BEGIN Records shown

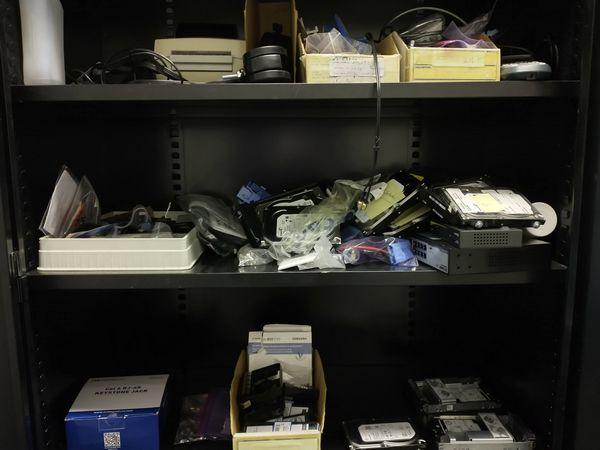 LOT OF MISC ELECTRONICS IN CABINET - DOES NOT INCLUDE CABINET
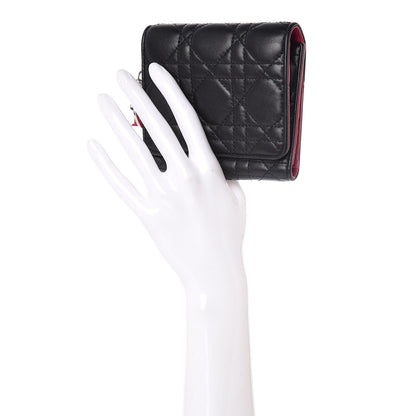 Christian Dior Lambskin Cannage Bicolor Lady Dior Wallet Black 3 of 9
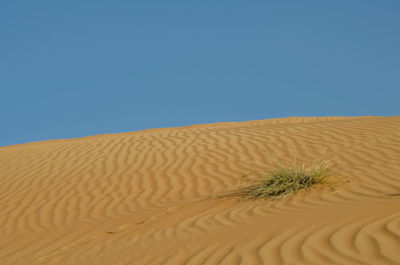 Sand dunes against clear sky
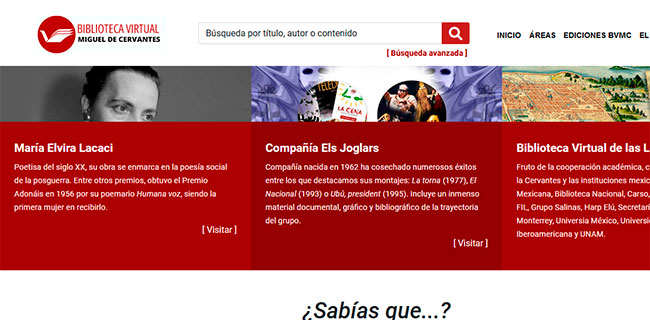 Páginas web para leer libros online GRATIS y sin registro - Cervantes virtual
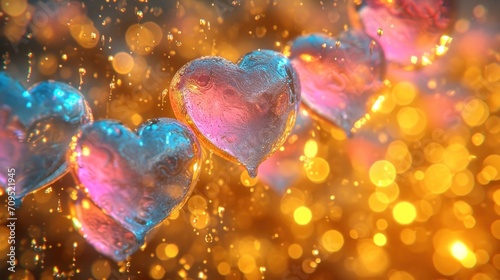  a group of hearts sitting on top of a table next to a yellow and blue background with bubbles in the shape of hearts.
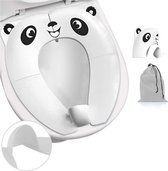 Ychee - Panda Toiletbril voor Kinderen - Opvouwbaar in opberg tasje - WC Bril Verkleinen - Zindelijkheidstraining - Wc Trainer - Handig voor onderweg - Reizen - Kleur: Wit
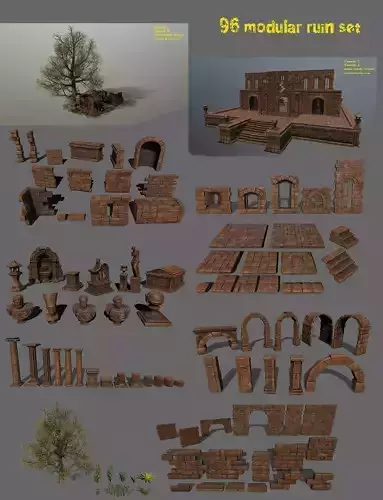 ruin set tree in middle of Low-poly 3D model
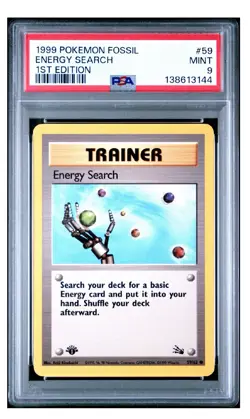 1999 POKEMON FOSSIL 1ST EDITION ENERGY SEARCH 59 PSA 9 MINT - Image 1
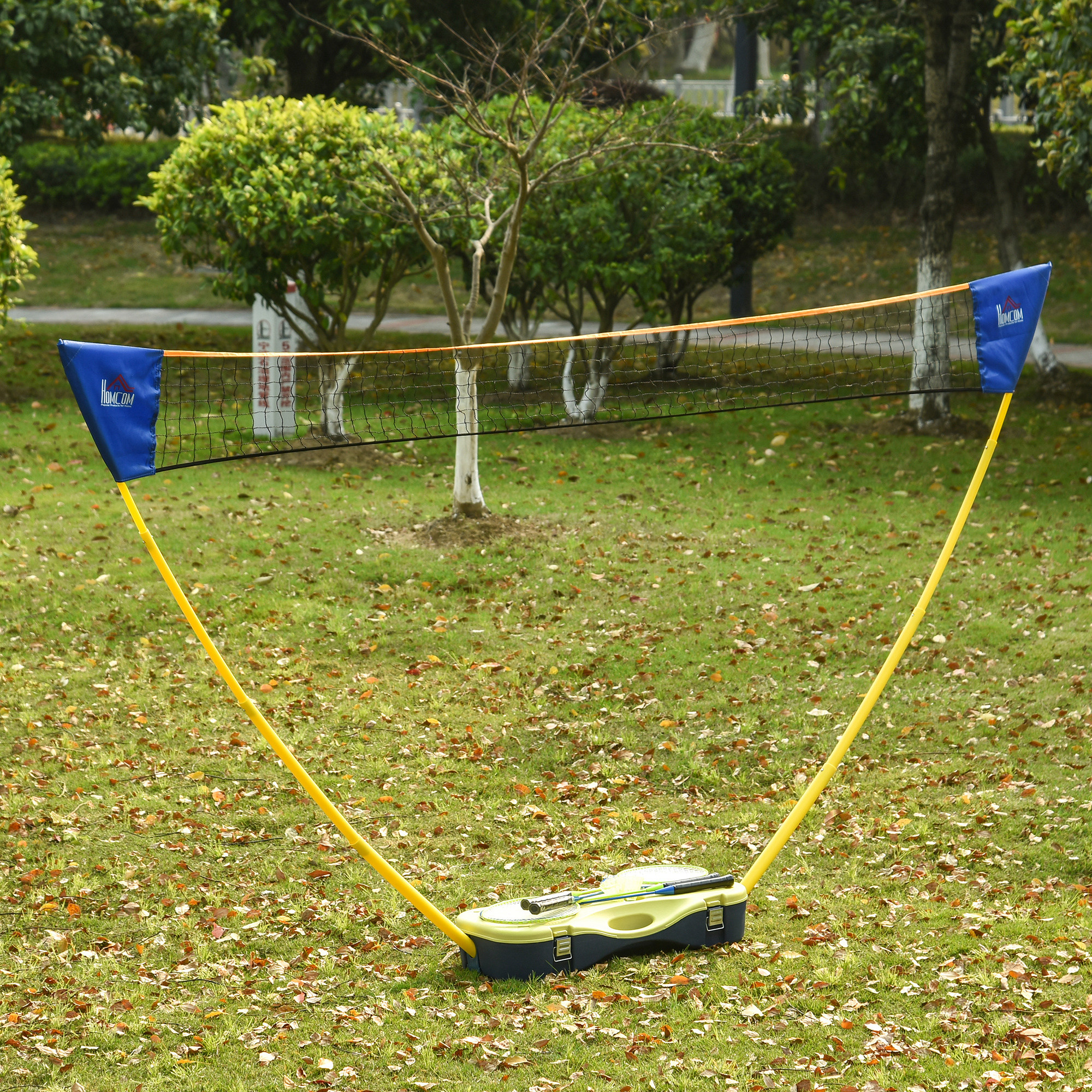 HOMCOM Badminton Netz mit Stand, Badminton-Netzständer, tragbarer Netzständer, Badmintonnetz mit 4 Badminton-Schlägern, Outdoor-Sport, Gelb+Blau, 286 x 33 x 157 cm
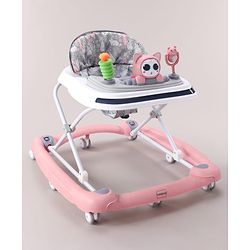 Babyhug Bunny Face 2 In 1 Walker Cum Rocker With 3 Level Adjustable Height & Musical Play Tray With Light -Blue| Adjustable Soft Cushion Seat| Smooth Swivel Wheels| Removable Toy Tray| Compact Fold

END Records shown

**What is needed**
Retype, word for word, the line containing "Ychee - Panda" and each line after it through the end of the data, leaving any picture out.

**Problem solution**
 Ychee - Panda Toiletbril voor Kinderen - Opvouwbaar in opberg tasje - WC Bril Verkleinen - Zindelijkheidstraining - Wc Trainer - Handig voor onderweg - Reizen - Kleur: Wit
 ruin set tree in middle of Low-poly 3D model
 1999 POKEMON FOSSIL 1ST EDITION ENERGY SEARCH 59 PSA 9 MINT - Image 1
 HOMCOM Badminton Netz mit Stand, Badminton-Netzständer, tragbarer Netzständer, Badmintonnetz mit 4 Badminton-Schlägern, Outdoor-Sport, Gelb+Blau, 286 x 33 x 157 cm
 Babyhug Bunny Face 2 In 1 Walker Cum Rocker With 3 Level Adjustable Height & Musical Play Tray With Light -Blue| Adjustable Soft Cushion Seat| Smooth Swivel Wheels| Removable Toy Tray| Compact Fold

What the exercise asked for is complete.